* _STUDY MATERIAL_
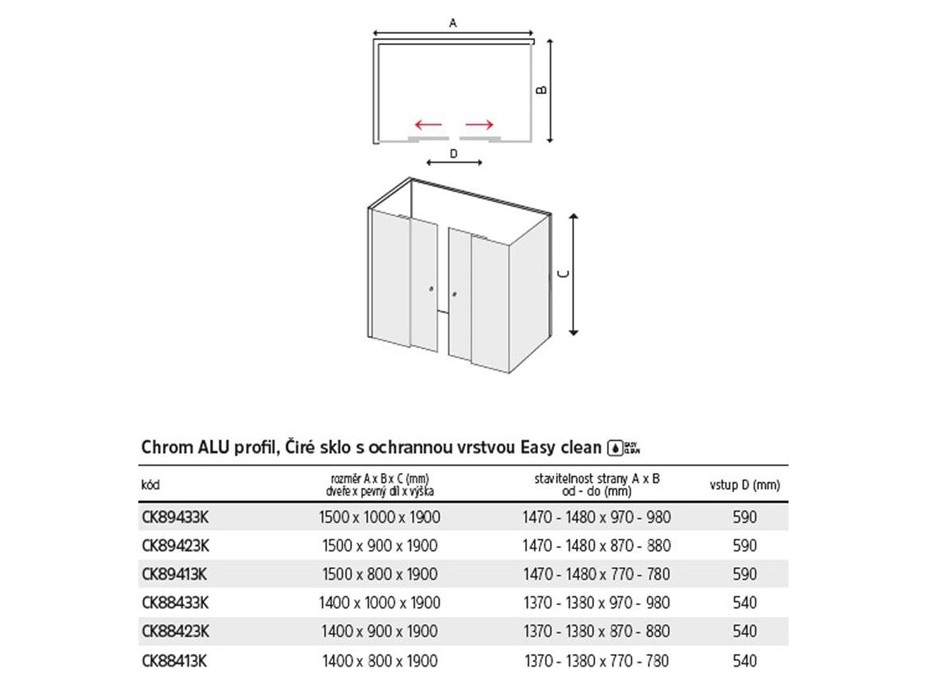 Sprchový kout LIMA - obdélník - chrom/sklo Čiré - čtyřdílné posuvné dveře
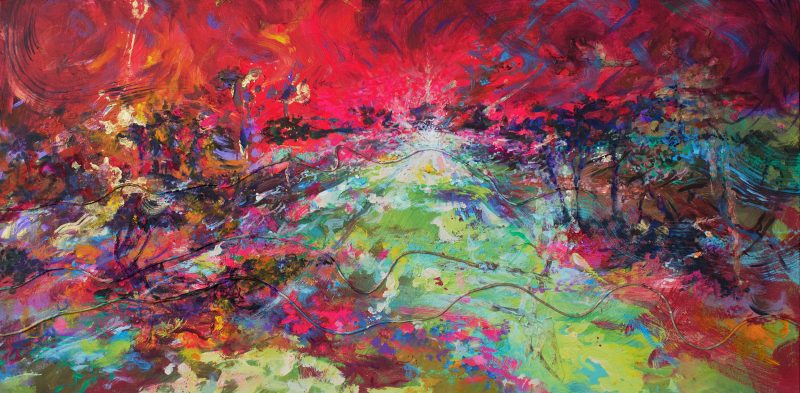 Abstract painting of flowers and color fields of pink and green.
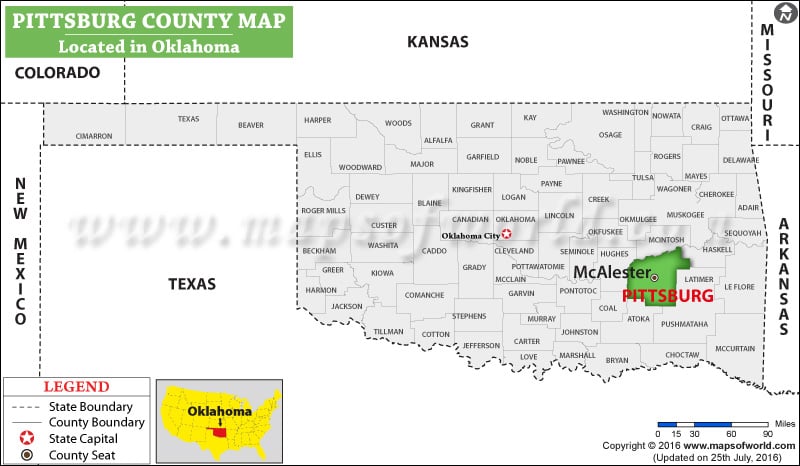 Pittsburg County Map, Oklahoma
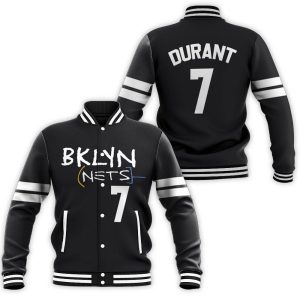 Brooklyn Nets Kevin Durant 7 2021 City Edition Black Inspired Style Baseball Jacket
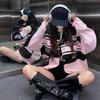 Американская мода съемная мотоциклетная куртка женская одежда ретро хип-хоп свободная пара бейсбольный наряд розовое повседневное пальто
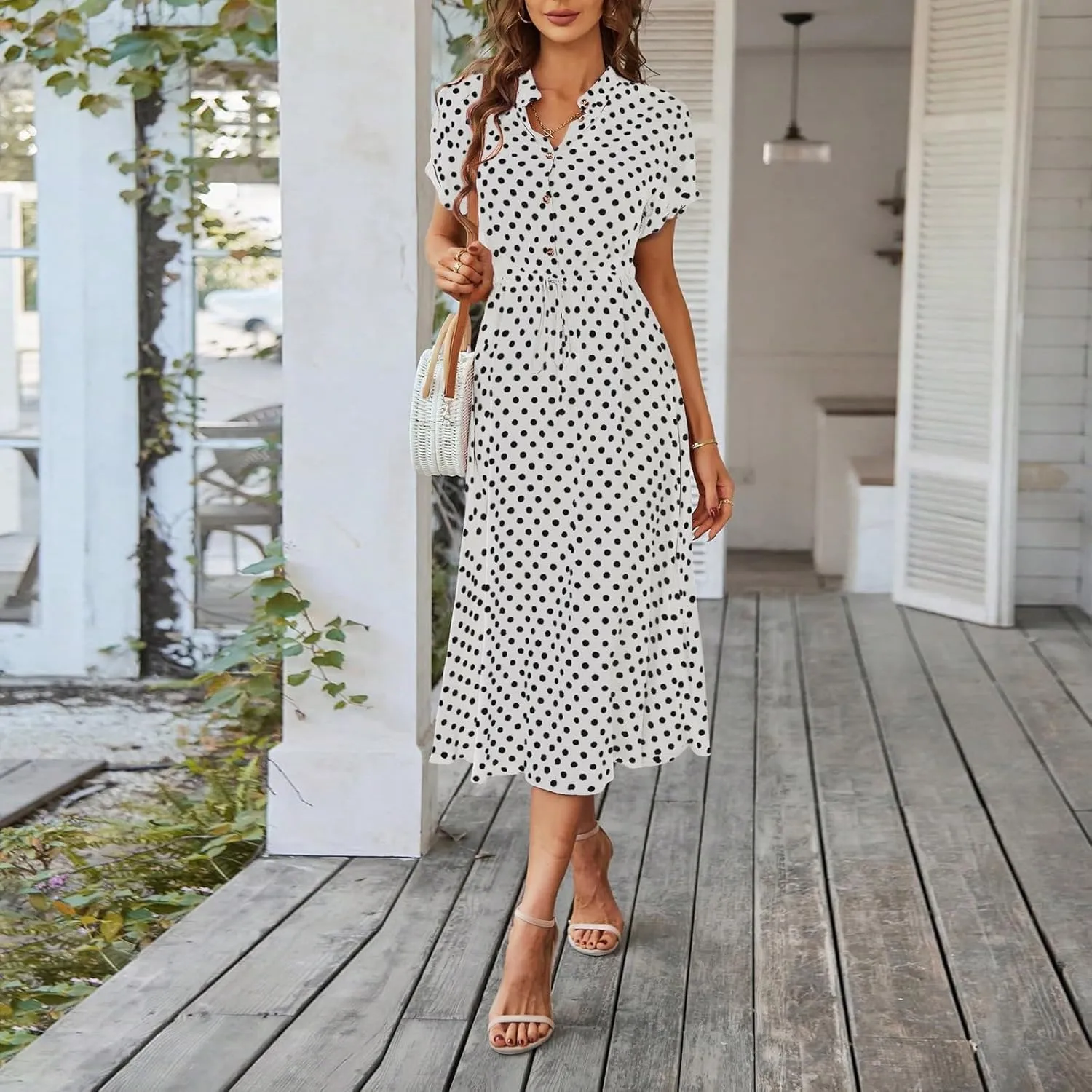 Summer Elegant Polka Dots V Neck Short Sleeve Dress for Womens 2025 Lace up Button Beach Vocation Casual Sundress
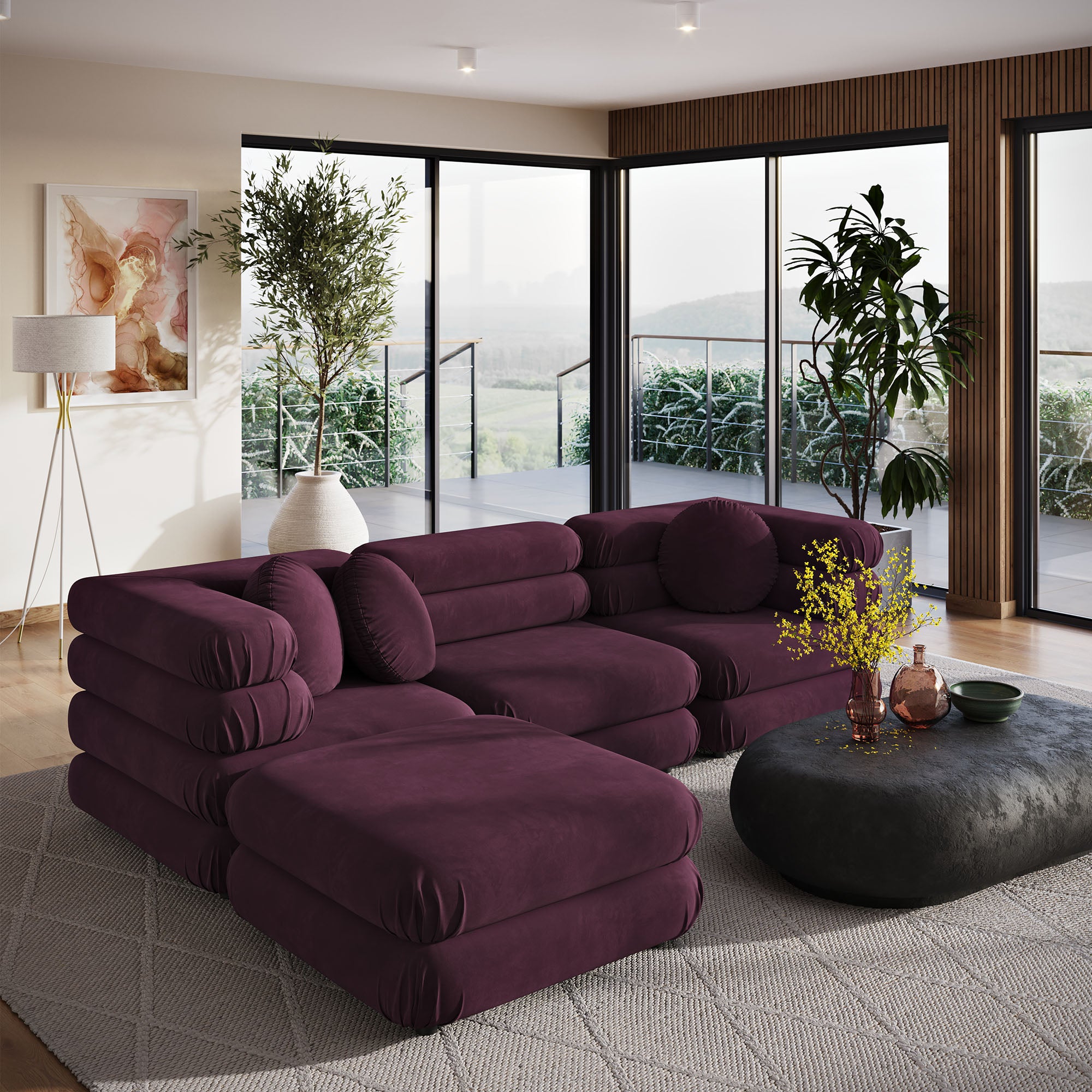 Modway Jubilee 4-Piece Modular Performance Velvet Sectional Sofa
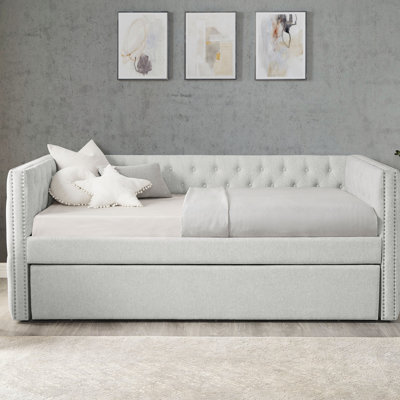 Luxurious 1Pc Modern Daybed Button Tufted Nailhead Trim Bedroom Living Room Furniture Dove Finish (Daybed)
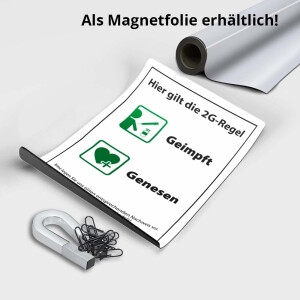 2G-Regel Hinweis Schild im DIN A4 Format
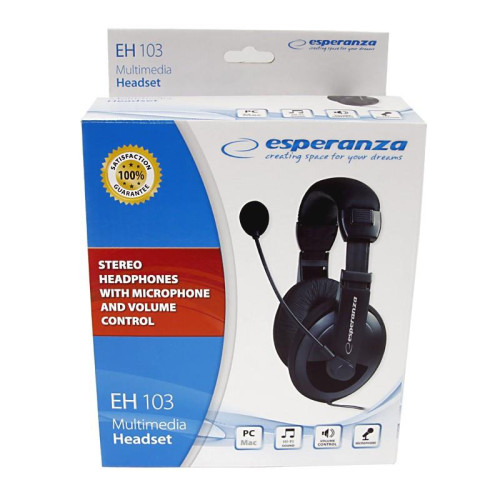 Słuchawki stereo z mikrofonem i regulacją głośności EH103-590042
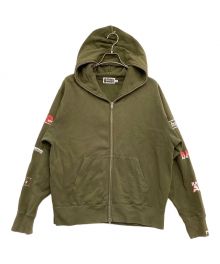 A BATHING APE（アベイシングエイプ）の古着「ジップパーカー」｜オリーブ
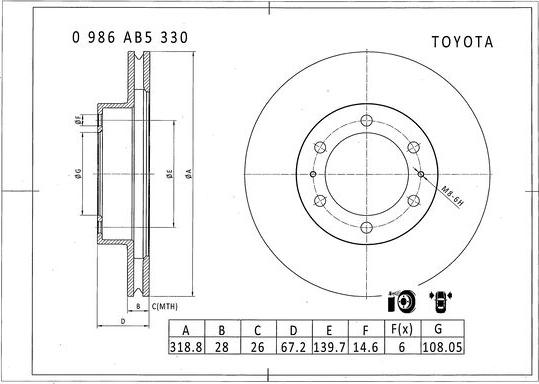 BOSCH 0 986 AB5 330 - Əyləc Diski furqanavto.az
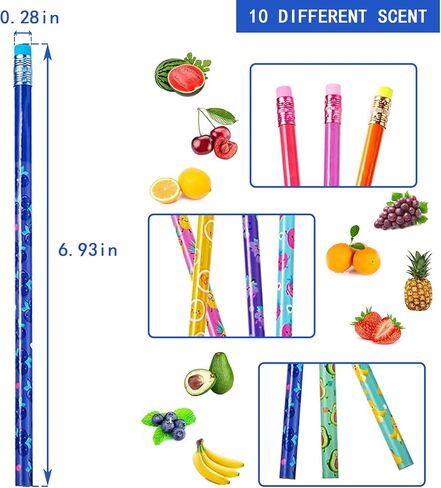 اقلام رصاص معطرة للاطفال من فيوكسسي، اقلام رصاص اتش بي مع محايات ملونة من الخشب مع عناصر فاكهة، مستلزمات مكتبية مدرسية للحفلات للاولاد والبنات 10 انماط (نمط فاكهة) in Kuwait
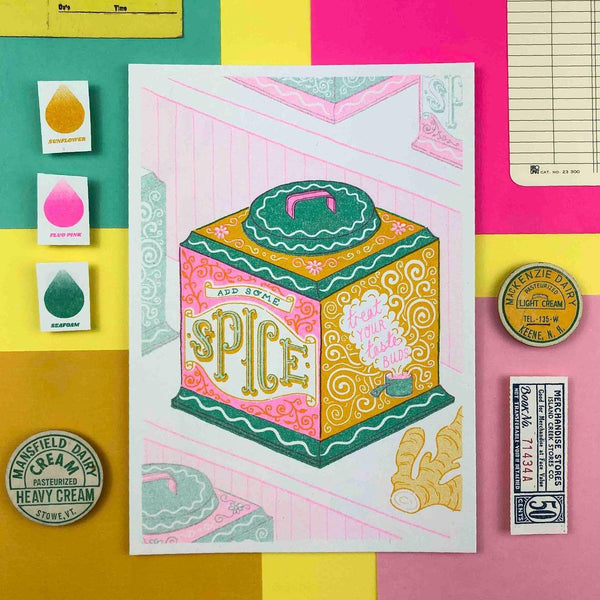 a green, yellow, pink and orange with the typography Add Some Spice - Treat Your Tastes Buds by British illustrator Jacqueline Colley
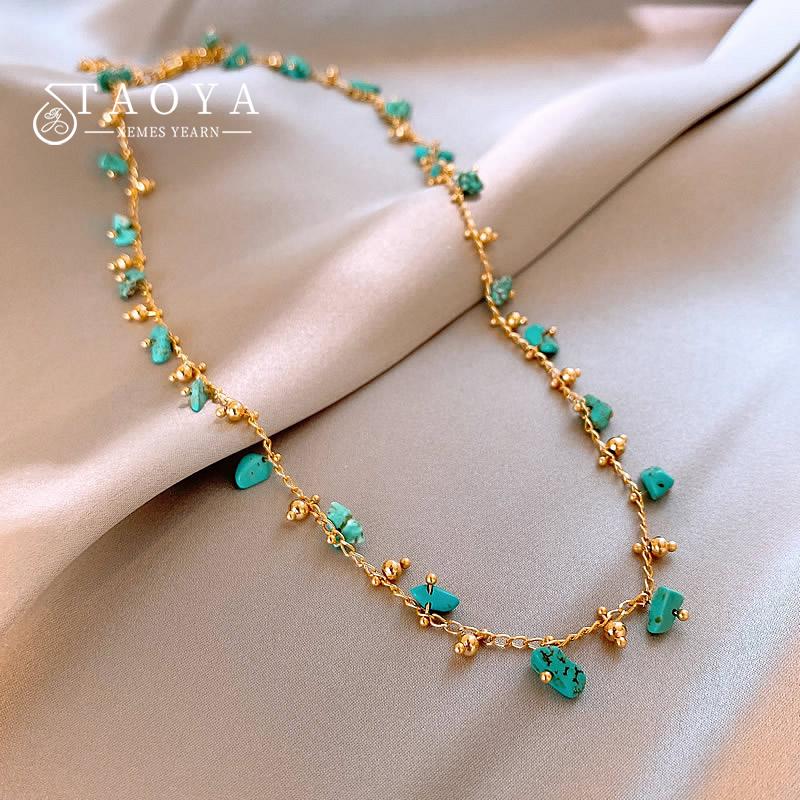 

Natural Irregular Green Stone Pendant Gold Color Chain Necklace 2026 Fashion Jewelry For Women s Sexy Neckchain Neck Accessories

* _PROBLEM DETAILS_
Using the records above, repeat exactly the run of lines that starts with the line with "Brooklyn Nets Kevin" and goes on through the line with "Американская мода съемная"; omit each picture.

* _ANSWER BOX_
 Brooklyn Nets Kevin Durant 7 2021 City Edition Black Inspired Style Baseball Jacket
 Американская мода съемная мотоциклетная куртка женская одежда ретро хип-хоп свободная пара бейсбольный наряд розовое повседневное пальто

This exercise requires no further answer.